• WHAT IS NEEDED
An exact copy of every line from the one holding "ART｜京都市内15会場を飾" to the end of the entries below is required; leave the pictures out.

-------- SOURCE DATA --------

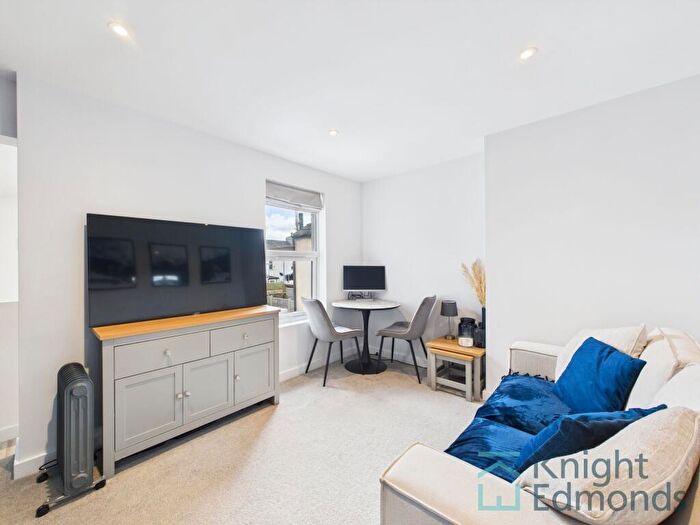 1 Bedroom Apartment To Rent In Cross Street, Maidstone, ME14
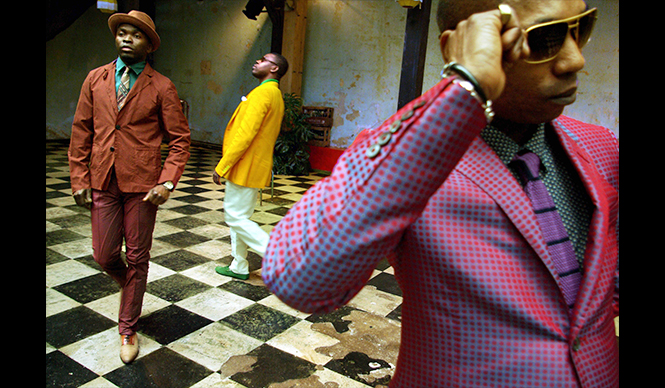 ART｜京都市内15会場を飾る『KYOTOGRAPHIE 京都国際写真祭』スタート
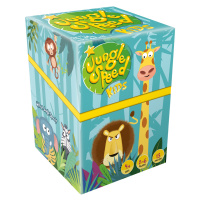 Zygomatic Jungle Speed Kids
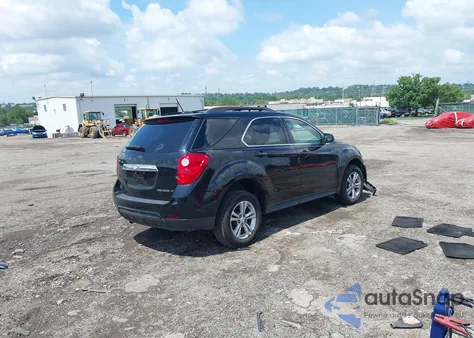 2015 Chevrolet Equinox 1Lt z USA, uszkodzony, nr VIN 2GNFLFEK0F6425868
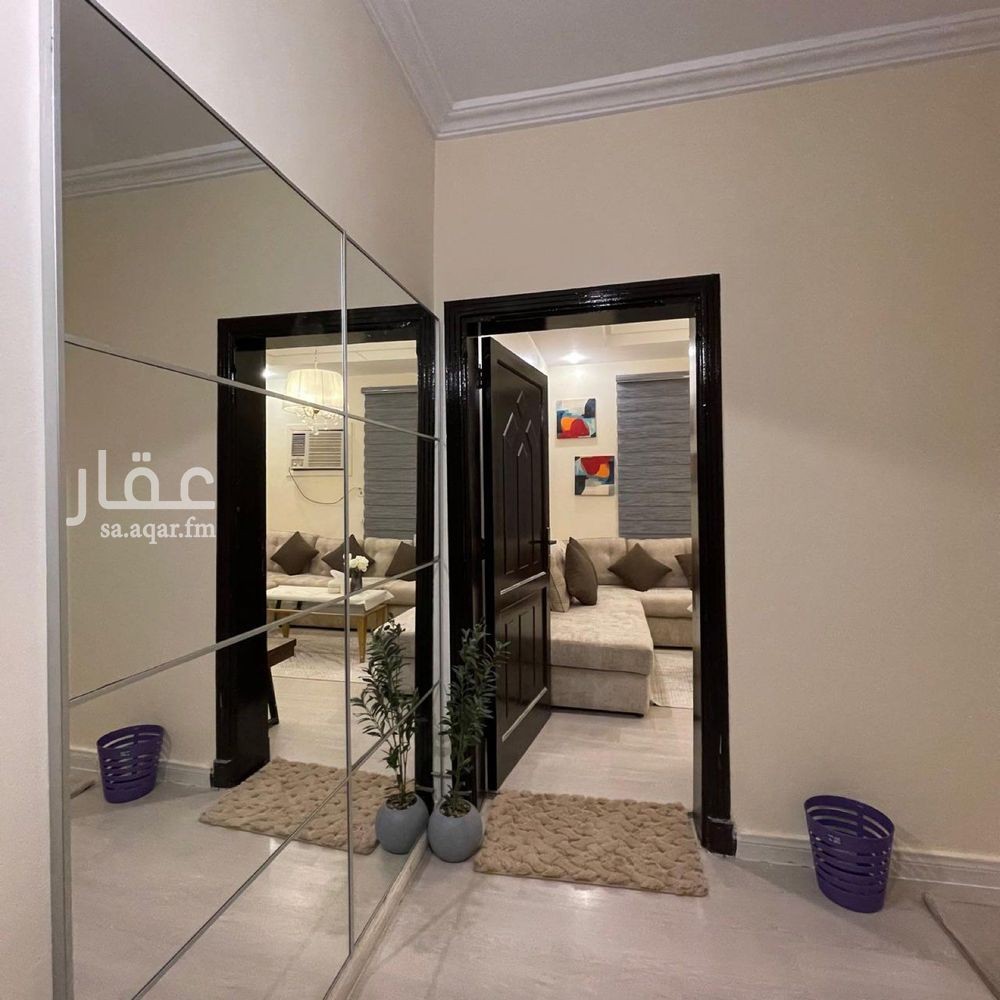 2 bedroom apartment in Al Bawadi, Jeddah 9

--------

• ANSWER FOR THIS EXERCISE
 ART｜京都市内15会場を飾る『KYOTOGRAPHIE 京都国際写真祭』スタート
 Zygomatic Jungle Speed Kids
 2015 Chevrolet Equinox 1Lt z USA, uszkodzony, nr VIN 2GNFLFEK0F6425868
 2 bedroom apartment in Al Bawadi, Jeddah 9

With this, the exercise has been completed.